Putin may have scored another win in Ukraine, but is he in over his head?

Russian President Vladimir Putin's calls for moderation may have put off the prospect of tougher European Union sanctions, but if he gets bogged down in Ukraine, he could face problems.

Darko Vojinovic/AP
A pro-Russian gunman sets up a banner that reads: 'Do not forget, do not forgive!' in front of the city hall decorated with flags of the self-proclaimed Donetsk People's Republic, in the center of Slovyansk, Ukraine, on Thursday.

What came across Wednesday as Russian President Vladimir Putin standing down on Ukraine was, just a day later, looking much more like Mr. Putin once again manipulating the Ukrainian crisis to his liking.

Putin on Wednesday called for a weekend referendum on eastern Ukraine's independence to be postponed, but separatists vowed to go forward with the plebiscite anyway. And Putin pledged to pull Russian troops back from Ukraine’s border, sending a soothing message to Germany and the rest of Western Europe. The Russian leader may have accomplished two goals in all this maneuvering, some Russia experts say.

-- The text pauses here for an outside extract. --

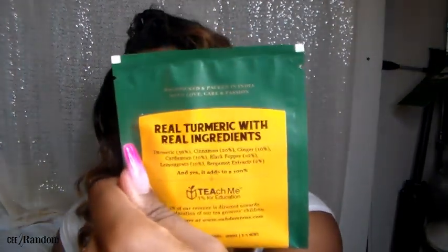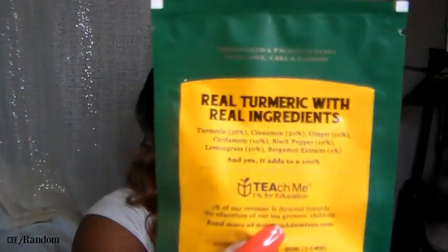This is made with real turmeric with real ingredients. If you don't know what the benefits of turmeric are, I suggest you look them up. A few benefits: turmeric has anti-cancer agents and is really good for inflammation. So if you have arthritis or you're always sore and achy, turmeric is definitely a great supplement to add to your life. I actually take a turmeric supplement every day in pill form, so this is my first time drinking turmeric tea — which is awesome.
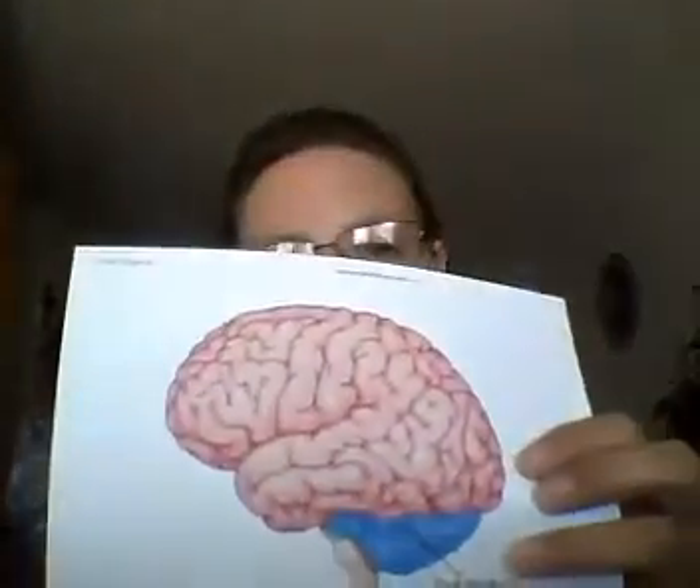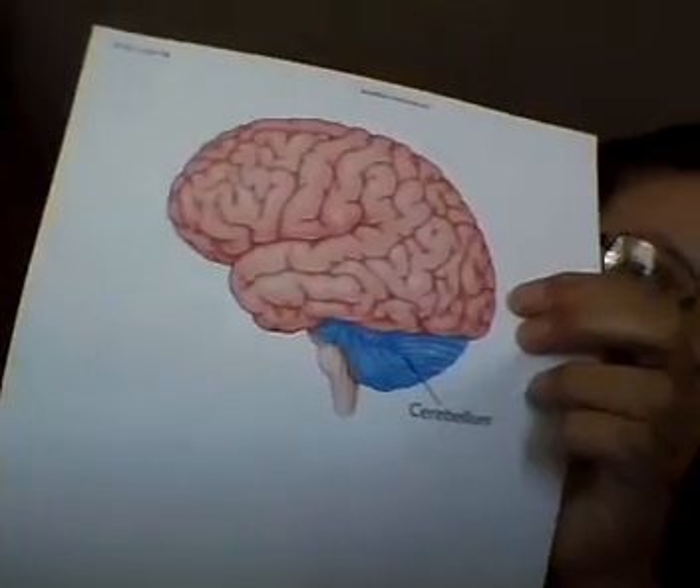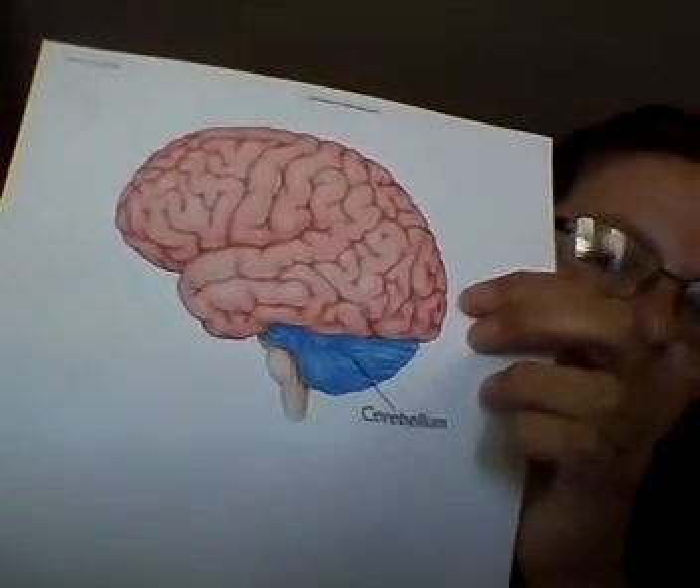A cerebellar stroke happens when the blood supply to the cerebellum is stopped. This part of the brain helps with body movement, eye movement, and balance. The cerebellum, or little brain, is a fist-like portion of the brain located at the back of the head. I'll try to show you here — that is where the cerebellum is located. It's below the temporal and occipital lobes and above the brain stem.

First, he may have succeeded in disassociating Russia from a referendum that he privately prefers to see proceed, they say. That may have allowed Putin to let some of the air out of the Western assertion that the separatists receive their marching orders from Moscow.

Perhaps more important, Putin’s words of moderation and calls for diplomacy may have succeeded in putting off for the foreseeable future any move by the European Union toward broad sanctions on Russia’s key economic sectors. President Obama and German Chancellor Angela Merkel agreed last Friday that such sanctions could be imposed much sooner than Putin might have thought.

The Obama administration said Tuesday that Russian support for the weekend referendum in eastern Ukrainian cities where separatists are holding public buildings could serve as a “trigger” for tougher sanctions. The targets could be key sectors of the Russian economy, such as the energy industry, finance, or the arms trade. At the same time, administration officials continue to insist that those sanctions only make sense if adopted by both the US and the European Union, which plays a much larger role than the US in Russia’s economy. Mr. Obama made the same point with Ms. Merkel at the White House Friday.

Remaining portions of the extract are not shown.